■ **Problem statement**: Repeat the listing below word for word, stopping after the line that contains "404 Vosswood Dr, Lebanon, TN 37087".

------------

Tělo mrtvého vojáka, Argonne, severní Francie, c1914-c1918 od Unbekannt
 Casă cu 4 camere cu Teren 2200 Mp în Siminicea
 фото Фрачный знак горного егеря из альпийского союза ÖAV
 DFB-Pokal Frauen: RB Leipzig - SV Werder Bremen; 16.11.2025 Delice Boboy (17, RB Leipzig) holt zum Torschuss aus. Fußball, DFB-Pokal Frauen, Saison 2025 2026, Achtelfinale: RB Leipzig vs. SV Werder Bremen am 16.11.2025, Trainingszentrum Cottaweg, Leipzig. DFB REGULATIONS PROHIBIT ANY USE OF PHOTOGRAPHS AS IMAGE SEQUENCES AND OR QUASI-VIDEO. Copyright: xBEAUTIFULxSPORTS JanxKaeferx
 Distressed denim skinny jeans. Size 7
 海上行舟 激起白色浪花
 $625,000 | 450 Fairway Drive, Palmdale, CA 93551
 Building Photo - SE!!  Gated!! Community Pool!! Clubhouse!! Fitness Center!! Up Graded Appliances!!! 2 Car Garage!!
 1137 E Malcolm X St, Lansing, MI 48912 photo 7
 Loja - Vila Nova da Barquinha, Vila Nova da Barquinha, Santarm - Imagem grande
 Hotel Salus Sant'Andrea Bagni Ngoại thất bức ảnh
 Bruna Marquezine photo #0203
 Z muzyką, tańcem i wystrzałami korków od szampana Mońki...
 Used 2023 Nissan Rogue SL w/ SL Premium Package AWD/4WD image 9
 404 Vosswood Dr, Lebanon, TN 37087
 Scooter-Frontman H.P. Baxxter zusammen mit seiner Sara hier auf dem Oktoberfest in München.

------------

■ **Problem solution**:
Tělo mrtvého vojáka, Argonne, severní Francie, c1914-c1918 od Unbekannt
 Casă cu 4 camere cu Teren 2200 Mp în Siminicea
 фото Фрачный знак горного егеря из альпийского союза ÖAV
 DFB-Pokal Frauen: RB Leipzig - SV Werder Bremen; 16.11.2025 Delice Boboy (17, RB Leipzig) holt zum Torschuss aus. Fußball, DFB-Pokal Frauen, Saison 2025 2026, Achtelfinale: RB Leipzig vs. SV Werder Bremen am 16.11.2025, Trainingszentrum Cottaweg, Leipzig. DFB REGULATIONS PROHIBIT ANY USE OF PHOTOGRAPHS AS IMAGE SEQUENCES AND OR QUASI-VIDEO. Copyright: xBEAUTIFULxSPORTS JanxKaeferx
 Distressed denim skinny jeans. Size 7
 海上行舟 激起白色浪花
 $625,000 | 450 Fairway Drive, Palmdale, CA 93551
 Building Photo - SE!!  Gated!! Community Pool!! Clubhouse!! Fitness Center!! Up Graded Appliances!!! 2 Car Garage!!
 1137 E Malcolm X St, Lansing, MI 48912 photo 7
 Loja - Vila Nova da Barquinha, Vila Nova da Barquinha, Santarm - Imagem grande
 Hotel Salus Sant'Andrea Bagni Ngoại thất bức ảnh
 Bruna Marquezine photo #0203
 Z muzyką, tańcem i wystrzałami korków od szampana Mońki...
 Used 2023 Nissan Rogue SL w/ SL Premium Package AWD/4WD image 9
 404 Vosswood Dr, Lebanon, TN 37087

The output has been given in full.